Just recently the scientists at the Canadian Centre for Climate Modelling and Analysis (CCCma) have
developed a full carbon land surface scheme based on this work and our subsequent peatland models (Wu et
al., 2016).
Our work with MWM is:
Wu, J. and N. T. Roulet (2014). "Climate change reduces the capacity of northern peatlands to absorb the
atmospheric carbon dioxide: The different responses of bogs and fens." Global Biogeochemical Cycles 28(10):
1005-1024.
Wu, J., N. T. Roulet, T. R. Moore, P. Lafleur and E. Humphreys (2011). "Dealing with microtopography of an
ombrotrophic bog for simulating ecosystem-level CO2 exchanges." Ecological Modelling 222(4): 1038-1047.

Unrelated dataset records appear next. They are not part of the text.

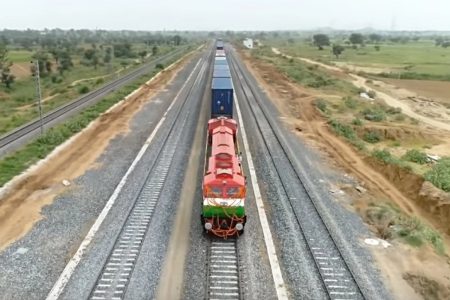 Bhaupur-Khurja Freight Corridor Uttar Pradesh Opens In November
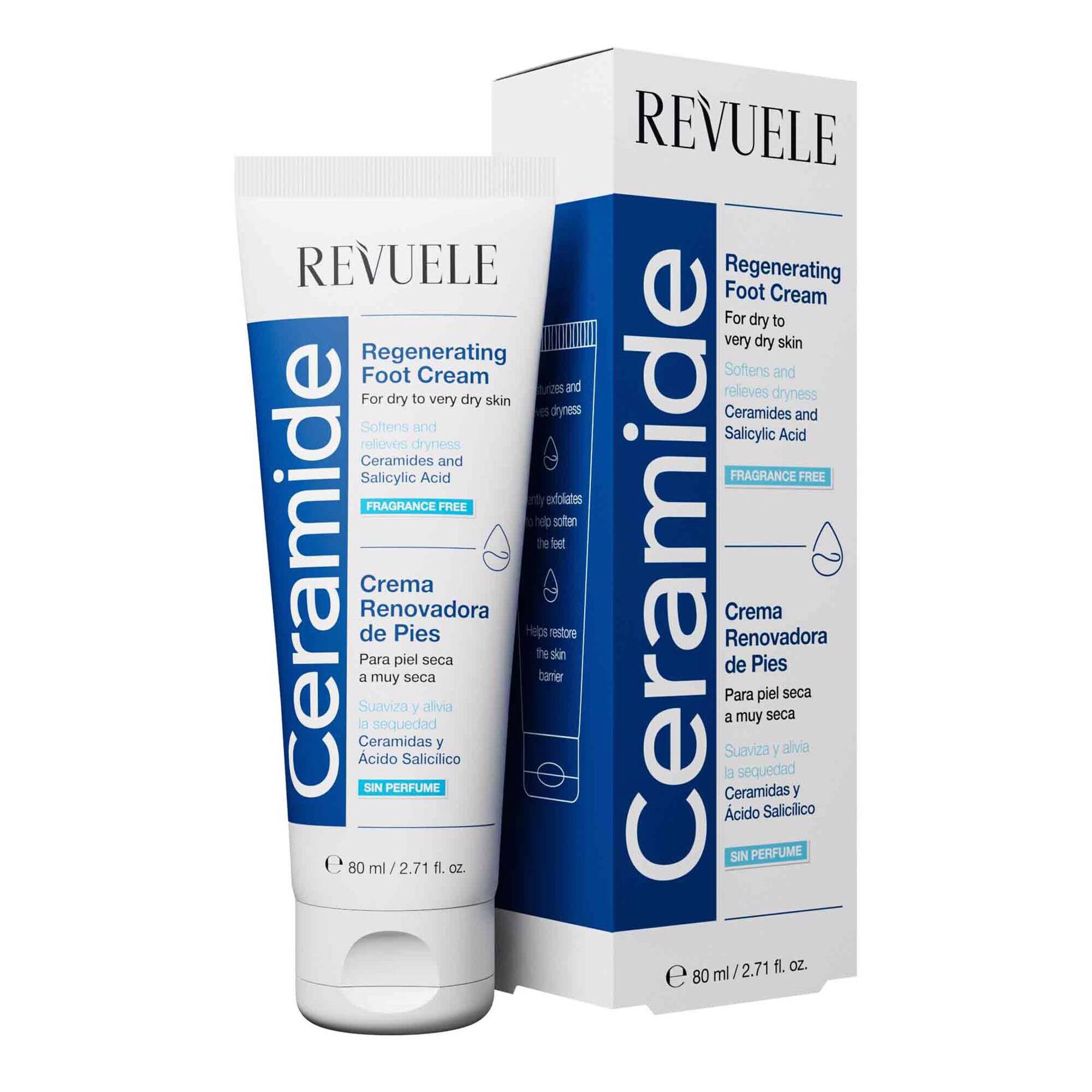 Ceramide Regenerating Foot Cream Dry Skin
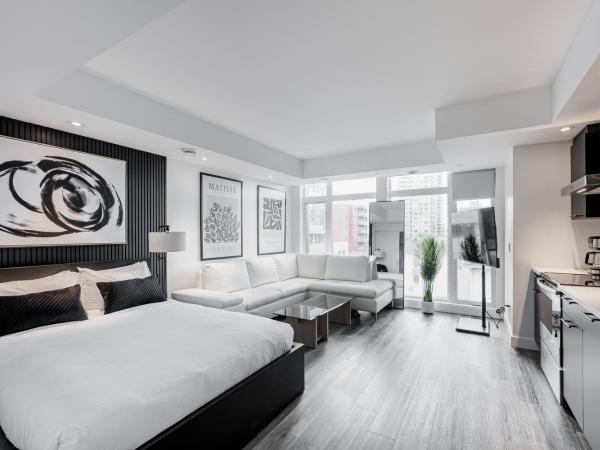 Westview Luxury Suites : photo 1 de la chambre studio lit queen-size de luxe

Wu, J., N. T. Roulet, M. Nilsson, P. Lafleur and E. Humphreys (2012). "Simulating the carbon cycling of
northern peatlands using a land surface scheme coupled to a wetland carbon model (CLASS3W-MWM)."
Atmosphere - Ocean 50(4): 487-506.
Wu, J., J. Sagerfors, M. Nilsson and N. Roulet (in review). "Six Years Simulation of Carbon Fluxes for a
Minerotrophic Mire (poor fen) in Northern Sweden using the McGill Wetland Model (MWM)." Journal of
Geophysical Research - Biogeoscience.
Most of the citations for our paper have been
from other modelling groups struggling to get
peatlands into their climate models and land
surface schemes.
Q: What do you think is the main message
from this body of research?
This work has told us that we should attempt to
keep peatlands intact and not affect their
hydrology if we want the carbon stored in them
to remain stored.
Q: What are your research plans for the
future?
We will continue to work on this problem. We
have developed a simpler version for running
long-term climate studies over the Holocene
and we continue to refine our McGill Wetland
Model. We are modifying it to include dynamic
vegetation and nitrogen and phosphorus
cycles.
Q: What are your hopes for land surface-
atmosphere research in general, in the
future?
I hope the models begin to incorporate land-
use change, because over 75% of terrestrial
landscapes are influenced in some way by
human activities and these changes make the
surface much more sensitive to change – i.e.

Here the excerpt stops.